*DIRECTIONS FOR THIS TASK:*
Copy every record below exactly as written, but leave out the pictures.

>>>>>

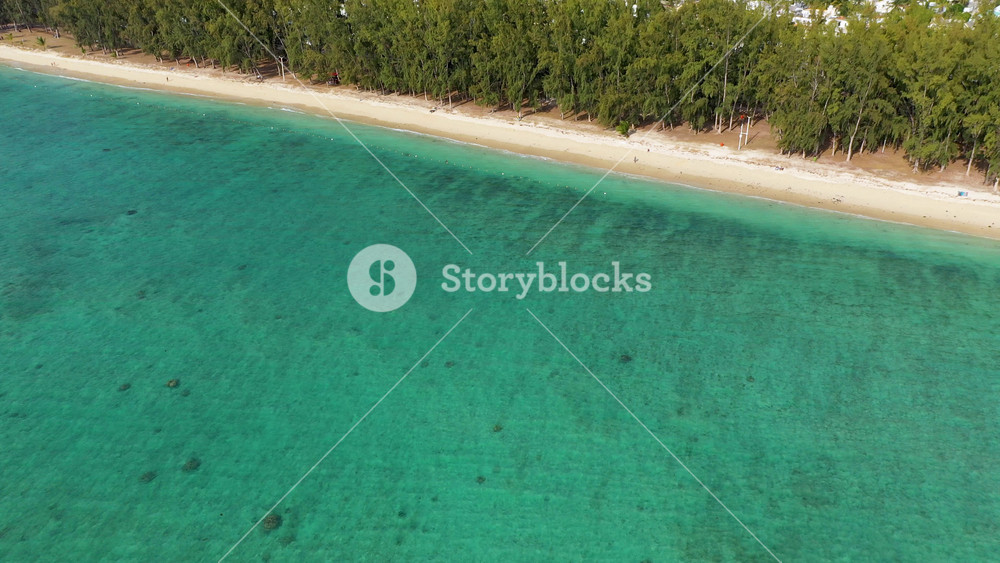Beautiful Mauritius island with beach Flic en flac. Coral reef around tropical palm beach, Flic en Flac, Mauritius. Aerial view of a beautiful beach along the coast in Flic en Flac, Mauritius.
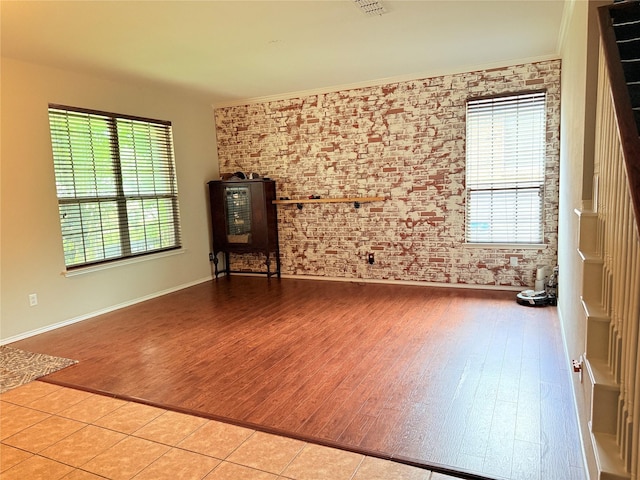 12616 Viewpoint Ln, Fort Worth, TX 76028 - unfurnished living room with wood finished floors, brick wall, baseboards, and crown molding
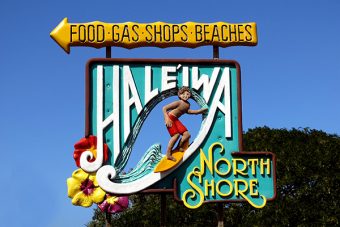 north shore beach and haleiwa town sign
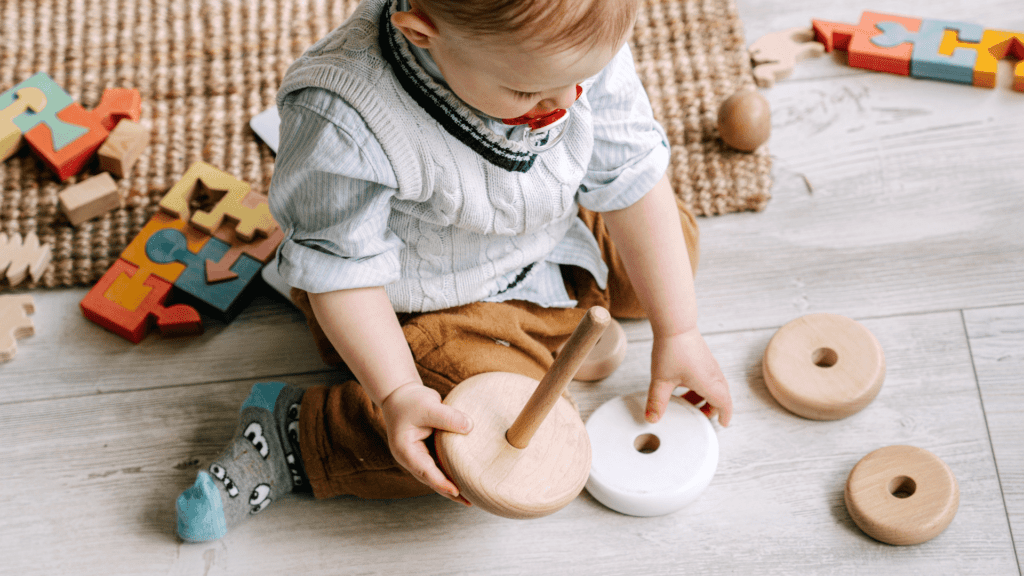 Toddler playing with wood stacking toy. 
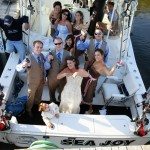 wedding party fishing boat frankfort michigan photo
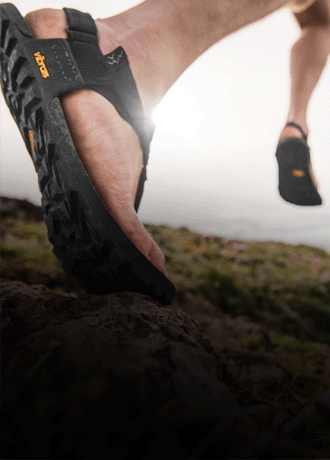 Two people on a trail wearing Bedrock sandals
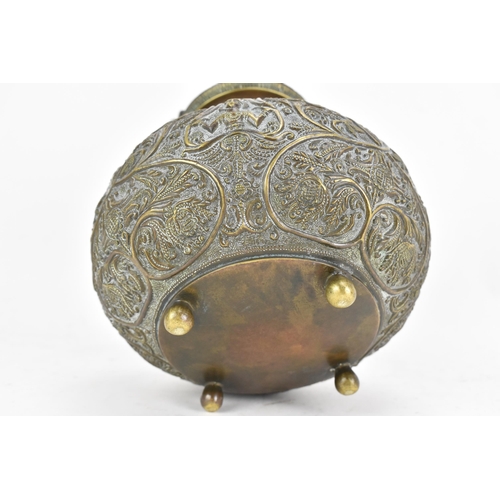 71 - A late 19th/early 20th century Sri Lankan Batavian brass ceremonial vessel, with snake form handle, ... 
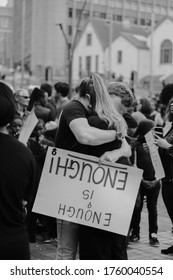 Port Elizabeth, South Africa - March 2019: A Woman Being Embraced By A Male Protester At A Protest To Remember Women And Children Who Were Raped And Killed In South Africa. Gender Based Violence.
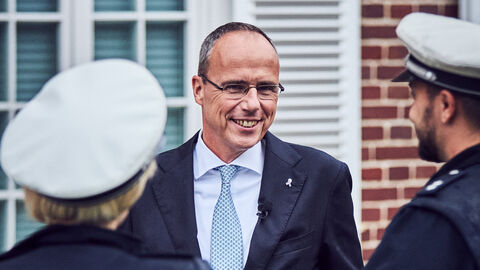 Innenminister Peter Beuth Minister Beuth im Gespräch mit einer Polizisten und einem Polizisten, die von hinten zu sehen sind.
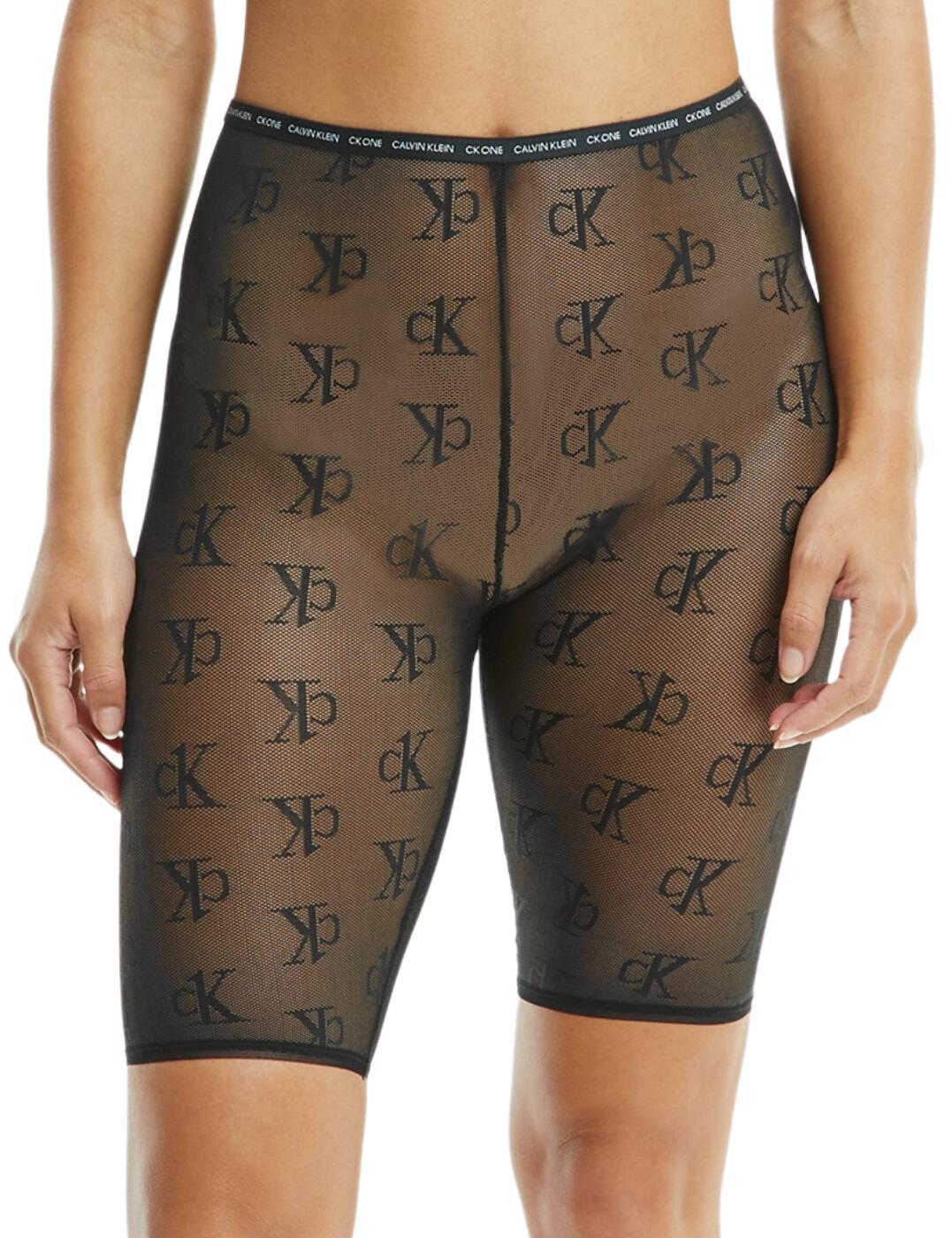 The CK One Logo Mesh biker short by Calvin Klein is crafted from sheer close-knit mesh giving it an alluring appearance. A high-rise waist boasts a comfortable elasticated waistband featuring the iconic CK branding. The sheer mesh is adorned with the CK signature logo repeated. A small CK branded tag is featured on the rear waistband. The overall modest style featuring a mid-thigh length is offset by the sexy sheer mesh.  Close-knit mesh CK embroidery adorns the sheer mesh CK branded waistband and tag High waisted Mid-thigh length Country of origin: Sri Lanka Composition: 73% Recycled Nylon &pipe; 15% Nylon &pipe; 12% Elastane Listed in UK sizes  54317-97045-1269596 000QS6783E (UB1) Biker Short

<<<<<

*SOLUTION TO THE PROBLEM:*
Beautiful Mauritius island with beach Flic en flac. Coral reef around tropical palm beach, Flic en Flac, Mauritius. Aerial view of a beautiful beach along the coast in Flic en Flac, Mauritius.
 12616 Viewpoint Ln, Fort Worth, TX 76028 - unfurnished living room with wood finished floors, brick wall, baseboards, and crown molding
 north shore beach and haleiwa town sign
 Toddler playing with wood stacking toy. 
 wedding party fishing boat frankfort michigan photo
 Two people on a trail wearing Bedrock sandals
 71 - A late 19th/early 20th century Sri Lankan Batavian brass ceremonial vessel, with snake form handle, ... 
 Port Elizabeth, South Africa - March 2019: A Woman Being Embraced By A Male Protester At A Protest To Remember Women And Children Who Were Raped And Killed In South Africa. Gender Based Violence.
 Innenminister Peter Beuth Minister Beuth im Gespräch mit einer Polizisten und einem Polizisten, die von hinten zu sehen sind.
 The CK One Logo Mesh biker short by Calvin Klein is crafted from sheer close-knit mesh giving it an alluring appearance. A high-rise waist boasts a comfortable elasticated waistband featuring the iconic CK branding. The sheer mesh is adorned with the CK signature logo repeated. A small CK branded tag is featured on the rear waistband. The overall modest style featuring a mid-thigh length is offset by the sexy sheer mesh.  Close-knit mesh CK embroidery adorns the sheer mesh CK branded waistband and tag High waisted Mid-thigh length Country of origin: Sri Lanka Composition: 73% Recycled Nylon &pipe; 15% Nylon &pipe; 12% Elastane Listed in UK sizes  54317-97045-1269596 000QS6783E (UB1) Biker Short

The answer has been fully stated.